Actually, with his release speed and recognition skills, he probably won't get killed. He won't be very effective, but he'll be better than Warner would have been. Behind that awful line, though, he better get rid of it fast...



The Dark Wolf said:


> Clearly you are not reckoning on the Viscious Lions.
> 
> Fear their NFC domination! That 1 victory may even turn into 2 by season's end!



Hey, they beat *my* team, OK?

(Yeah, we're not very good, either...)


----------



## rummy (Oct 17, 2006)

WTF! Literally!


----------



## eaeolian (Oct 17, 2006)

Wow. Talk about a game only the Cards could lose (sorry, Vince...)


----------



## telecaster90 (Oct 18, 2006)

eaeolian said:


> Wow. Talk about a game only the Cards could lose (sorry, Vince...)

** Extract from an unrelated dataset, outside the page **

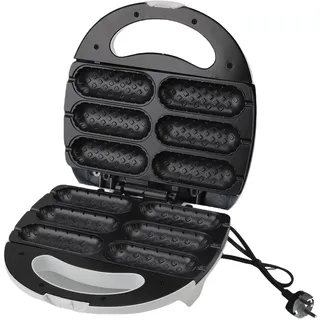 TARSHYRY Corn Dog Waffle Maker, Hot Dog Maker Toaster Machen 6 Maishunde mit Nicht -Stick -Beschichtung, für Kuchen, Paninis, Nuss, Steaks, 750W (220V EU-Stecker)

You, sir, have obviously never seem the Panthers play before. They always manage to lose them. If every game was just a minute longer, the Panthers would be 0-6


----------



## rummy (Oct 29, 2006)

Rex is back!!!


----------



## YYZ2112 (Oct 31, 2006)

rummy said:


> Rex is back!!!


----------



## rummy (Nov 12, 2006)

Hester lets you down one week, but redeems himselft the next. He says he planned that hesitation move before the 108yd return TD.


----------